Search code examples
pythonpandascsvpyarrowapache-arrow

How would I go about converting a .csv to an .arrow file without loading it all into memory?


I found a similar question here: Read CSV with PyArrow

In this answer it references sys.stdin.buffer and sys.stdout.buffer, but I am not exactly sure how that would be used to write the .arrow file, or name it. I can't seem to find the exact information I am looking for in the docs for pyarrow. My file will not have any nans, but it will have a timestamped index. The file is ~100 gb, so loading it into memory simply isn't an option. I tried changing the code, but as I assumed, the code ended up overwriting the previous file every loop.

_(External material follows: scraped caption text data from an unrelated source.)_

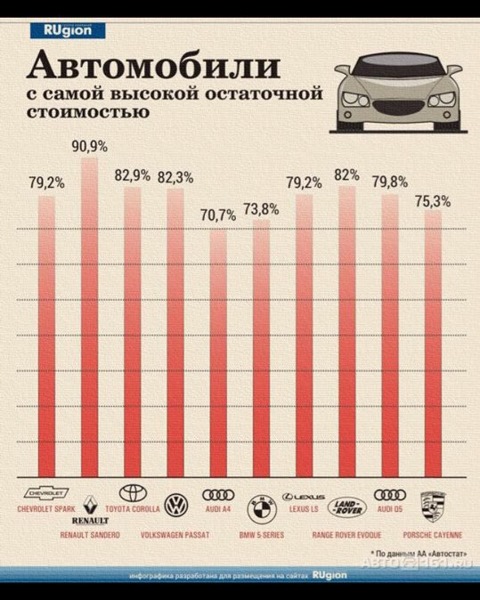 Цены на авто в сша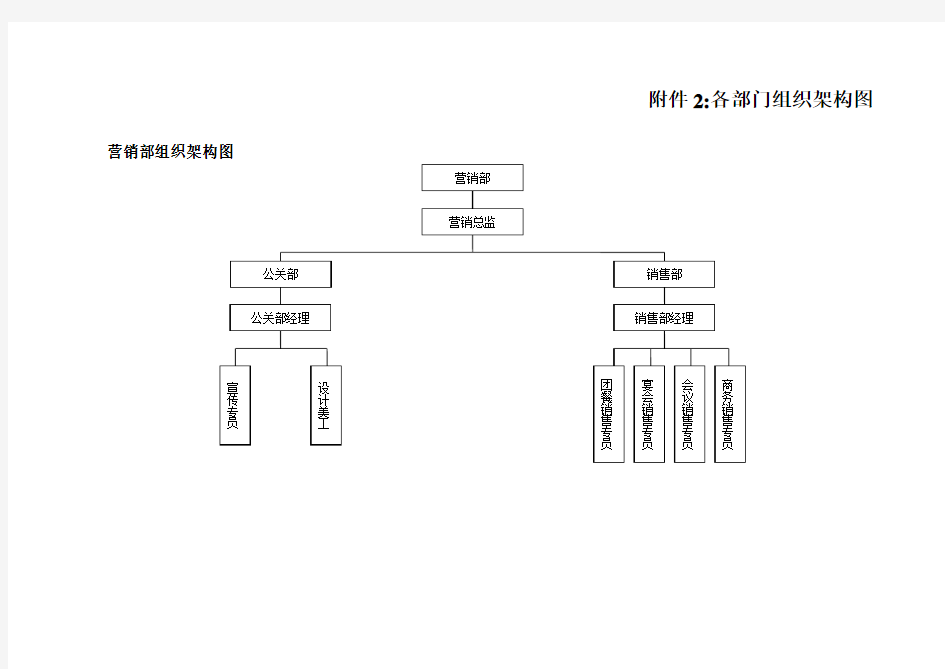 酒店部门组织架构图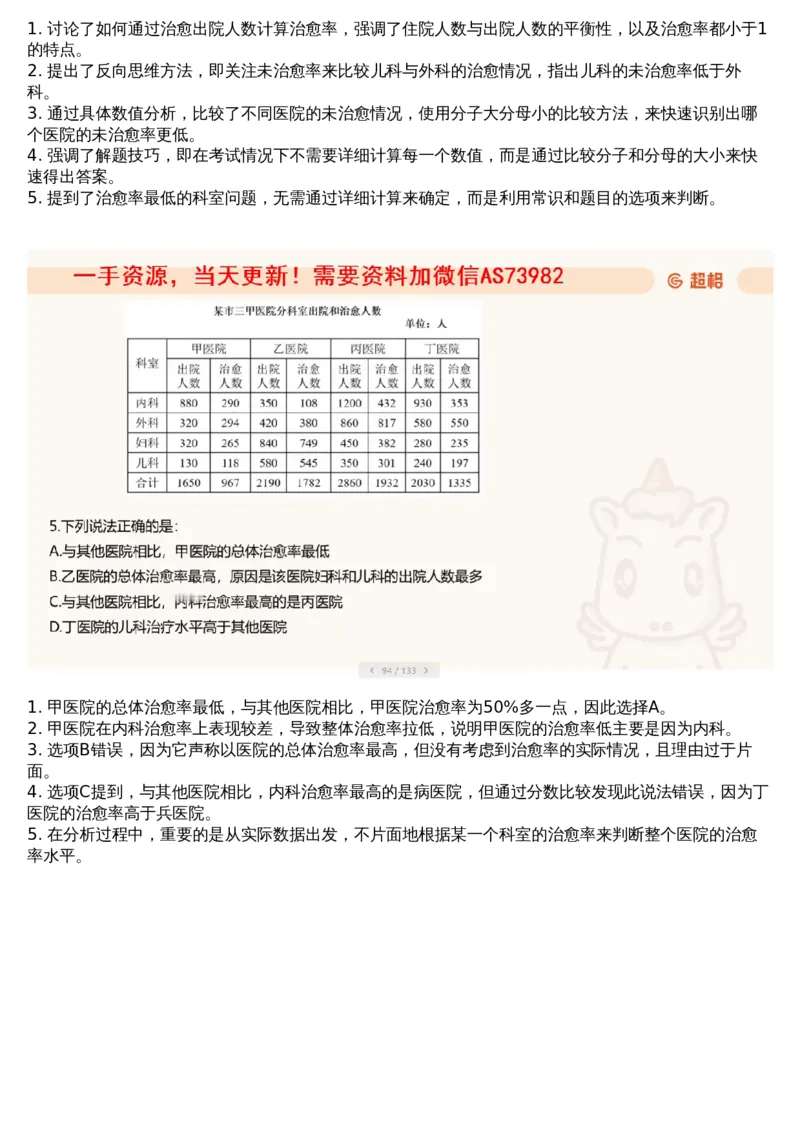 08.套题讲解1_文字解析版_2026考公资料_（05）超格_行测申论2025超格合集(行测&申论&政治理论)_行测申论2025省考超格超大杯刷题课（五合一）_超格五合一文字解析版_资料分析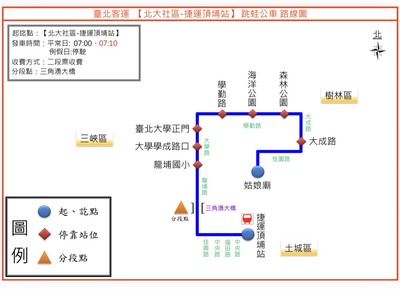 跳蛙公車「北大社區-捷運頂埔站」路線圖
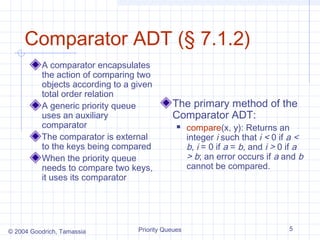 Comparator ADT (§ 7.1.2)
A comparator encapsulates
the action of comparing two
objects according to a given
total order relation
A generic priority queue
uses an auxiliary
comparator
The comparator is external
to the keys being compared
When the priority queue
needs to compare two keys,
it uses its comparator

© 2004 Goodrich, Tamassia

The primary method of the
Comparator ADT:


Priority Queues

compare(x, y): Returns an
integer i such that i < 0 if a <
b, i = 0 if a = b, and i > 0 if a
> b; an error occurs if a and b
cannot be compared.

5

***This is my first post. I would like to thank all the contributors who answered 99.9% of my other questions before I had even the asked them.

import sys

import pandas as pd
import pyarrow as pa

SPLIT_ROWS = 1     ### used one line chunks for a small test

def main():
    writer = None
    for split in pd.read_csv(sys.stdin.buffer, chunksize=SPLIT_ROWS):

        table = pa.Table.from_pandas(split)
        # Write out to file
        with pa.OSFile('test.arrow', 'wb') as sink:     ### no append mode yet
            with pa.RecordBatchFileWriter(sink, table.schema) as writer:
                writer.write_table(table)
    writer.close()

if __name__ == "__main__":
    main()

Below is the code I used in the command line

>cat data.csv | python test.py

Solution

  • As suggested by @Pace, you should consider moving the output file creation outside of the reading loop. Something like this:

    import sys
    
    import pandas as pd
    import pyarrow as pa
    
    SPLIT_ROWS = 1     ### used one line chunks for a small test
    
    def main():
        # Write out to file
        with pa.OSFile('test.arrow', 'wb') as sink:     ### no append mode yet
            with pa.RecordBatchFileWriter(sink, table.schema) as writer:
                for split in pd.read_csv('data.csv', chunksize=SPLIT_ROWS):
                    table = pa.Table.from_pandas(split)
                    writer.write_table(table)
    
    if __name__ == "__main__":
        main()        
    

    You also don't have to use sys.stdin.buffer if you would prefer to specify specific input and output files. You could then just run the script as:

    python test.py
    

    By using with statements, both writer and sink will be automatically closed afterwards (in this case when main() returns). This means it should not be necessary to include an explicit close() call.